Татьяна, прожившая большую часть своей жизни на Западе – сперва в Париже, потом в Нью-Йорке, – была совершенно «русская душой». Она так никогда и не полюбила английский язык и говорила по-английски только в случае крайней необходимости. В доме, когда не было гостей, звучала только русская или французская речь. По-английски говорили с прислугой.

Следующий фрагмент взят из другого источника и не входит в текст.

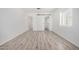 Bright bedroom with vinyl plank flooring and barn door at 1818 E Monterey Way, Phoenix, AZ 85016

Алекс был довольно равнодушен к русской литературе, а Татьяна прекрасно знала поэзию и обожала Серебряный век. Гена Шмаков оказался для нее бесценным собеседником. Не удивительно, что эти двое нашли друг друга и даже перешли на «ты». Вместе они являли собой трогательную картину – в шезлонгах, среди розовых кустов, с видом на необъятные американские дали, они часами, перебивая и поправляя друг друга, декламировали наизусть Блока, Гумилева, Мандельштама, Ахматову и Цветаеву. А вот Маяковский звучал редко. Кстати, впервые услышав стихи Бродского в 1975 году, Татьяна безапелляционно сказала: «Готова держать пари, что этот парень получит Нобелевскую премию… Помяните мое слово…» Ее пророчество сбылось через двенадцать лет.
Либерманы жили на широкую ногу, имея постоянный штат прислуги. В Нью-Йорке – батлер Жозеф и горничная Мэйбл. Когда Мэйбл пришло время выходить на пенсию, Алекс подарил ей «мерседес». И на даче постоянно находилось несколько человек обсуживающего персонала.
«Страшно себе представить, – ужасался Гена, – что будет со всеми нами, если с Алексом что-нибудь случится? И что будет с Либерманией? Это же счастье, что мы можем здесь собираться».
Судьба распорядилась иначе.
В 1988 году умер Шмаков. А три года спустя умерла Татьяна Либерман.